(Short web captions)
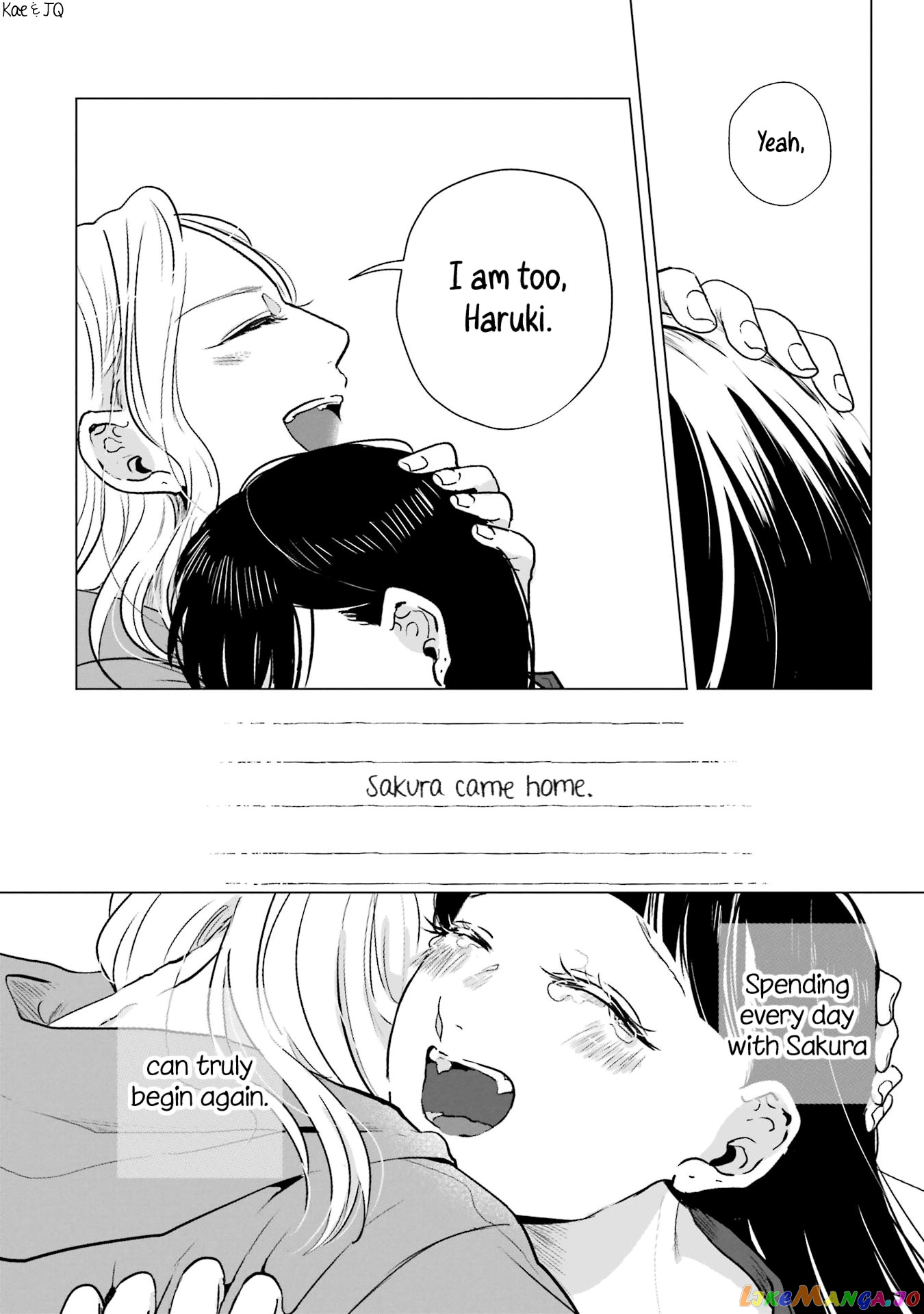 Haru Tsuzuru, Sakura Saku Kono Heya De chapter 2 - page 36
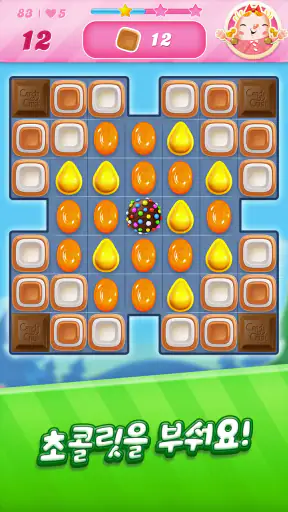 캔디크러쉬사가 (Candy Crush Saga) screenshot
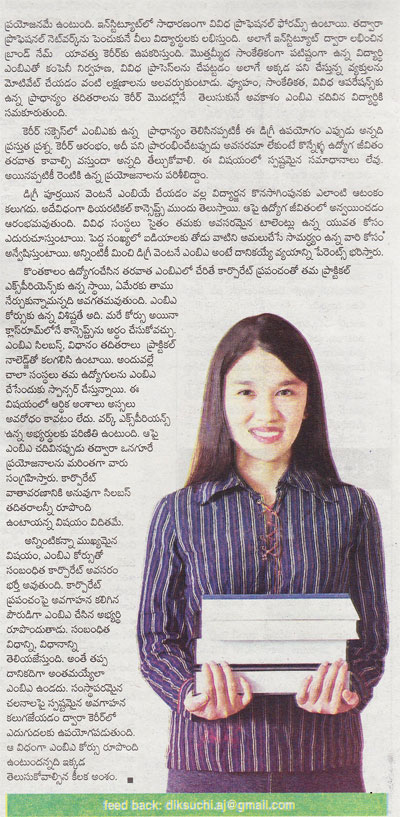 To do or Not to do MBA.jpg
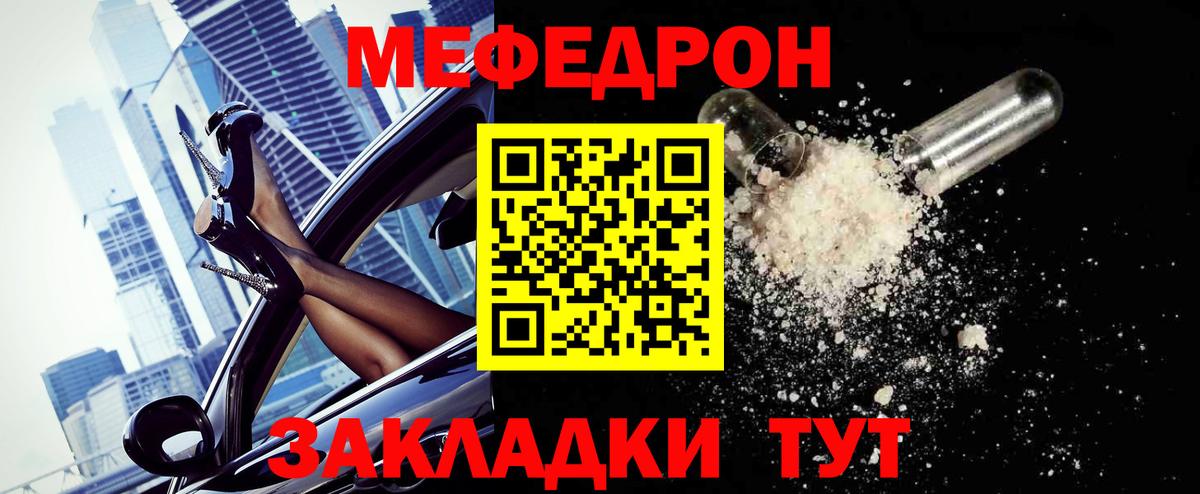 МЯУ-МЯУ  Меф 4 MMC  Меф VHQ  Вход с VPN  Шахты 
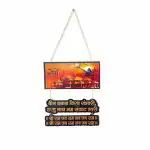 WEME HOMES - Wooden Jai Shree Ram with Ram mandir Wall hanging | Home Decor | Office | Gift | bedroom| Livingroom Wall Decor & Hangings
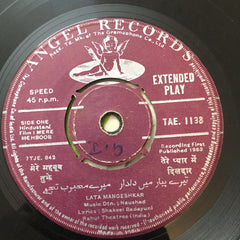 Naushad - Mere Mehboob  (45-RPM)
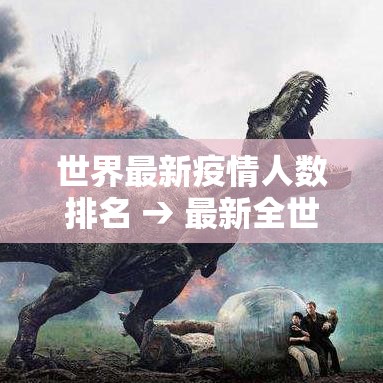 玩家必备教程“微信里面链接炸 金花房卡怎么弄”详细房卡怎么购买教程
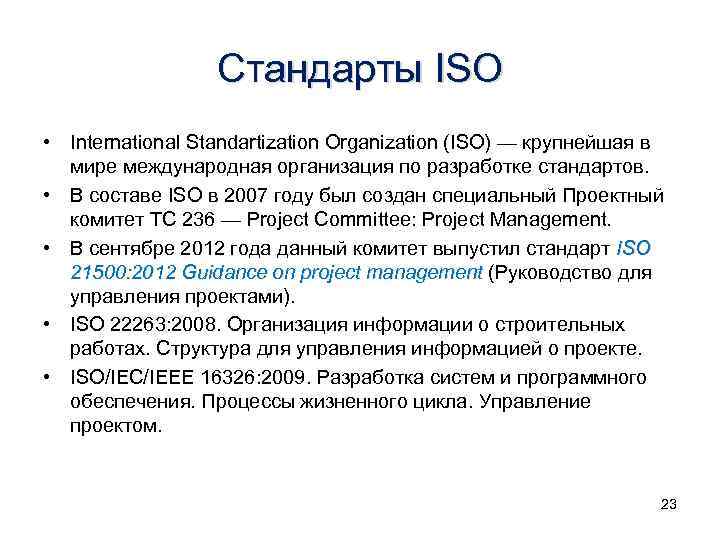 Проект международного стандарта iso одобряется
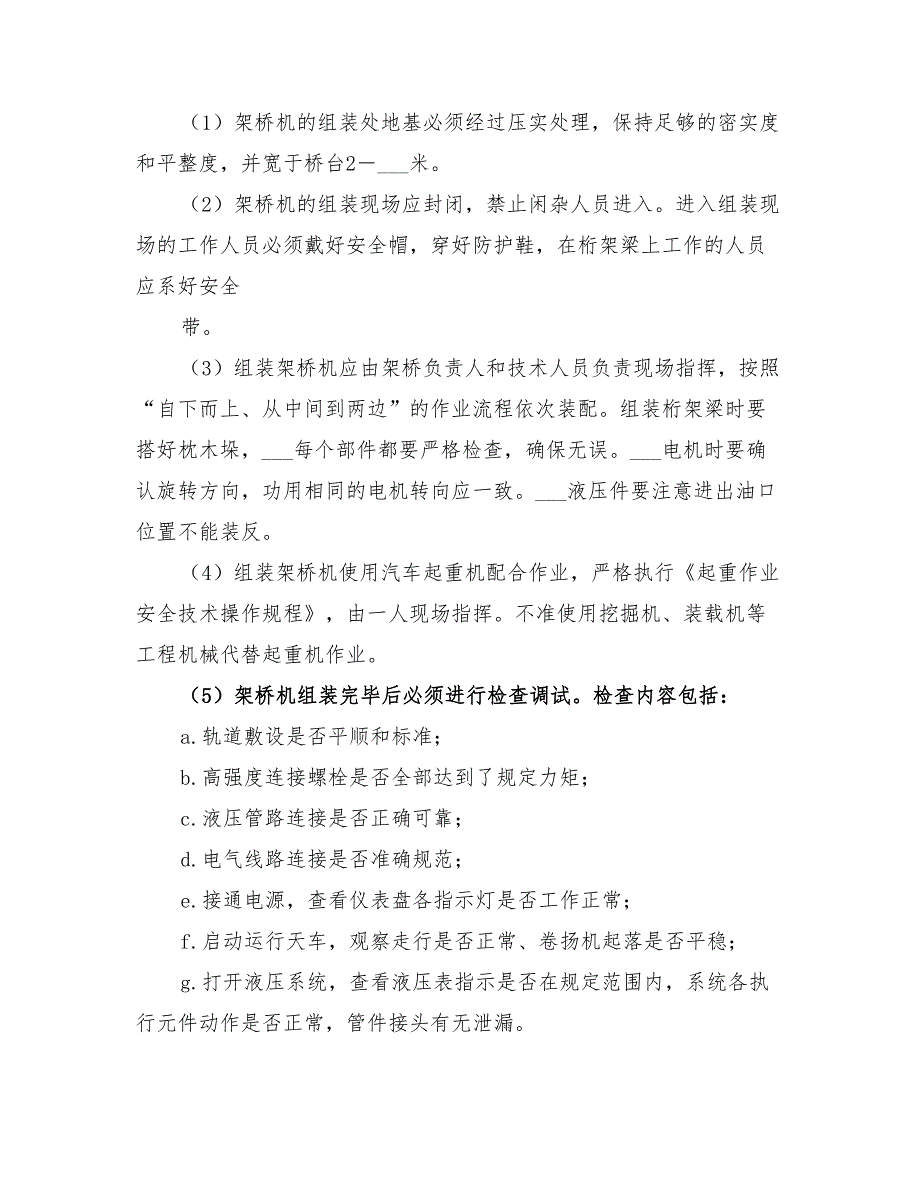 2022年架桥机安全施工方案_第3页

■ Work to complete: Please give every line above again word for word, apart from the pictures.

■ Exercise output:
 Haru Tsuzuru, Sakura Saku Kono Heya De chapter 2 - page 36
 캔디크러쉬사가 (Candy Crush Saga) screenshot
 To do or Not to do MBA.jpg
 МЯУ-МЯУ  Меф 4 MMC  Меф VHQ  Вход с VPN  Шахты 
 WEME HOMES - Wooden Jai Shree Ram with Ram mandir Wall hanging | Home Decor | Office | Gift | bedroom| Livingroom Wall Decor & Hangings
 Naushad - Mere Mehboob  (45-RPM)
 玩家必备教程“微信里面链接炸 金花房卡怎么弄”详细房卡怎么购买教程
 Проект международного стандарта iso одобряется
 2022年架桥机安全施工方案_第3页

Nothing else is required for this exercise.